In this context, looking to the desert religions (or perhaps all religions) for guidance would seem to be futile. The focus of religion is elsewhere.

‘Horses for courses’ is a useful adage. For the relatively recent (in historical terms) discovery of the terra nullius of human experiences traversing over-lapping realms of the ephemeral and the material, new means of communication – in the form of concepts and relationships established in the human mind – are needed.

Following the principle reflected in Occam’s Razor, that the simplest explanation is best, the concept of an all-embracing, infusive, ever-existing, pervasive aether may be a useful starting point. The aether is now being researched, in spite of the Michelson-Morley experiment of yore, by a significant number of scientists willing to transcend the prevailing explanatory paradigms.

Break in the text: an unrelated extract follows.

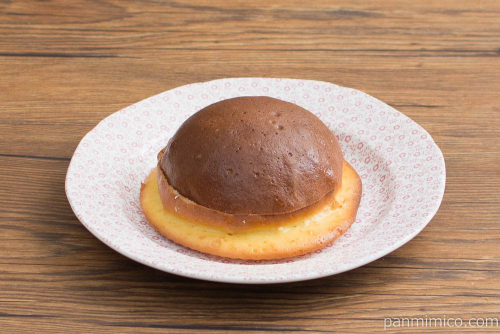 ぼうしパン【ローソン】横から見た図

In human terms (or in terms of transient beings) Consciousness qualifies as that ever-existing, all-embracing, and all-penetrating essence. Whether matter represents a projection from the bound-less ocean of Consciousness, and from which arose the ephemeral, the insubstantial; or whether the ‘real’ of the ephemeral arising from Consciousness is reflected, as appropriate, in the material is an irrelevancy for now. The relationship between the material and ephemeral realms may be an enriching bilateral process.

Were Consciousness to be a functionally neutral cloud-like enabler of links, especially of communication, between whatever exists, in any form (of substance or otherwise), it would intransitively present what seems to be obvious to sensitive humans – that everything in existence is connected to everything else. Both the paranormal and the normal in human existence would then be explicable.

Is it Consciousness which enables the pathways of mutual understanding, through gossamer connections, between sentient beings – including spirits from the Afterlife?